Canindé is a Brazilian municipality located in the state of Ceará. It is the 11th most populous city in the state. It is known for being religious, especially during the Saint Francis Party that last one entire week and happens once a year. The municipality receives millions of tourists every year, and the most visited places are the Saint Francis statue and the Saint Francis Church.

History

The Curu River and the Choró River were inhabited by Native Brazilians, the Tapuia. After the 17th century, Portuguese colonizers started habituating the land.

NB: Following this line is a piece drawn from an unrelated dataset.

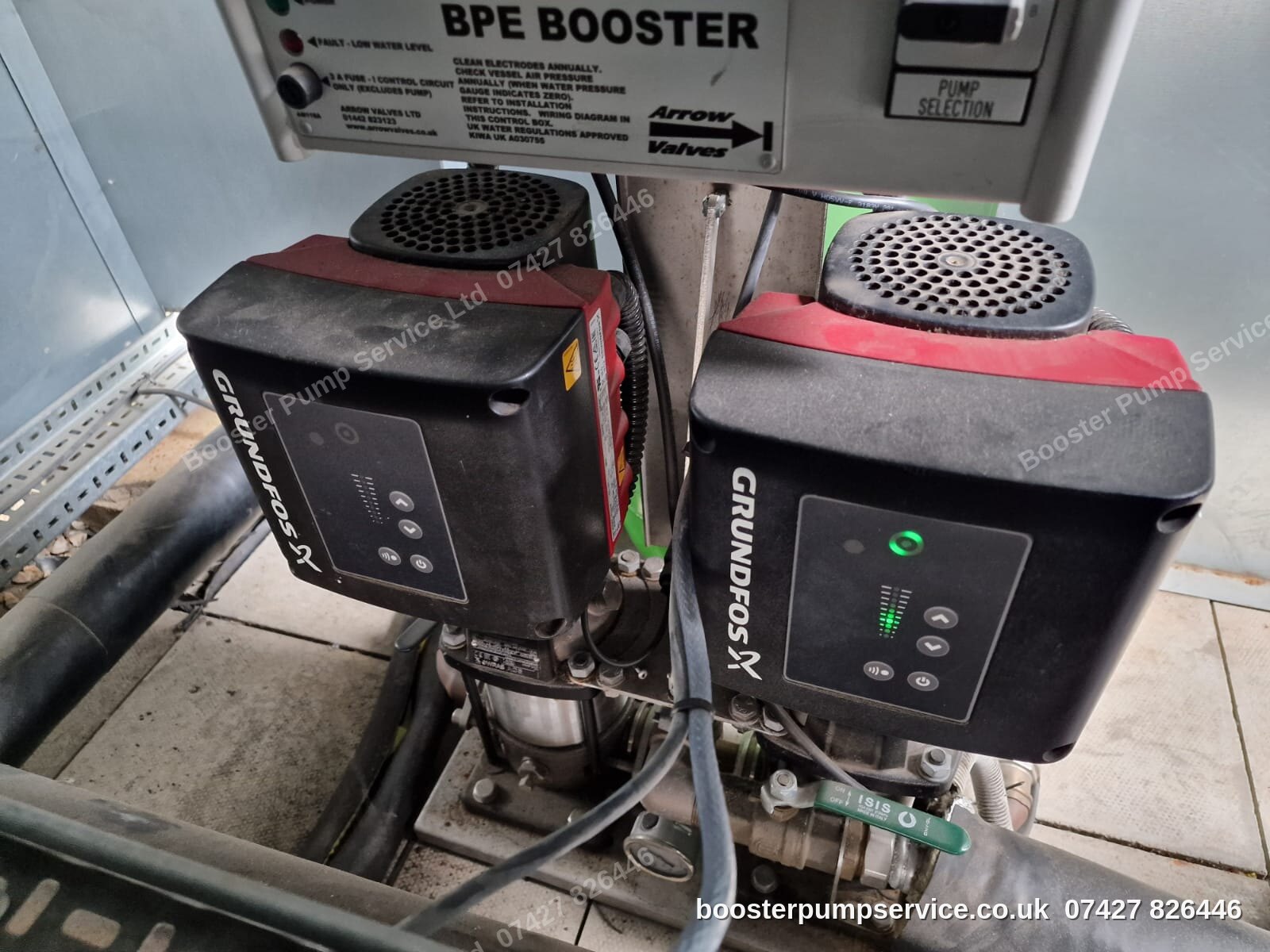 Grundfos twin booster set with stainless manifold — pump commissioning in London.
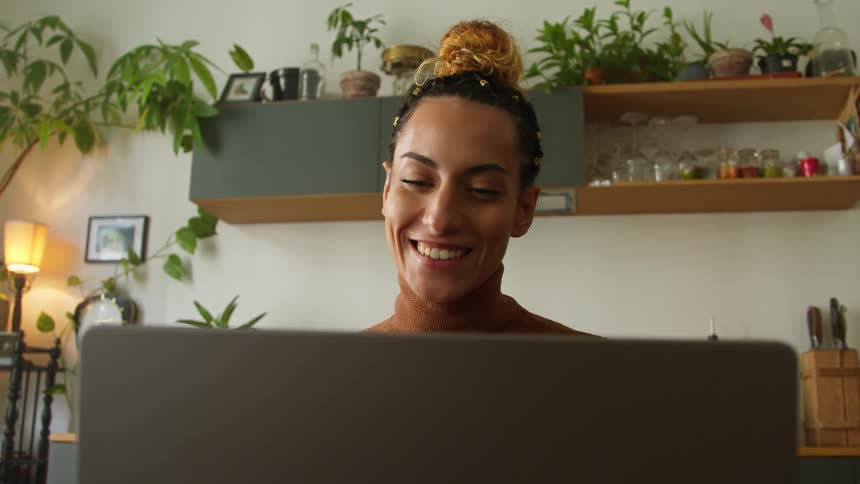 A woman using a laptop in a room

In 1775, Xavier de Medeiros, right at the border of the Canindé River, started building a church for Saint Francis. Nowadays, the church is at the same place; however, it was totally reformulated by the Italian architect Antonio Mazzoti and the painter George Kau. In 1818, Canindé became a village, and on July 29, 1846, the Municipality of Canindé was declared.

Geography

climate

Canindé has a tropical semiarid climate with temperatures that goes from 25 °C to 32 °C

Soil 
The soil in Canindé is composed of non-calcium type (55.14%), litholic (12.52%,), and others (4.04%).

Fauna
Canindé has a semiarid climate and so most of its fauna is composed of animals that are well adapted to it like Canindé birds, armadillos, lizards and sparrow-hawks.

Politics

On June 21, 1847 it was installed the city building in Canindé Downtown.

Education

Canindé has three public high schools: the Paulo Sarasate School, Frei Policarpo School and the School of Professional Education Capelão Frei Orlando and one private high school, theCNEC-Canindé. The city also host a headquarters of the Federal Institute of Education (IFCE).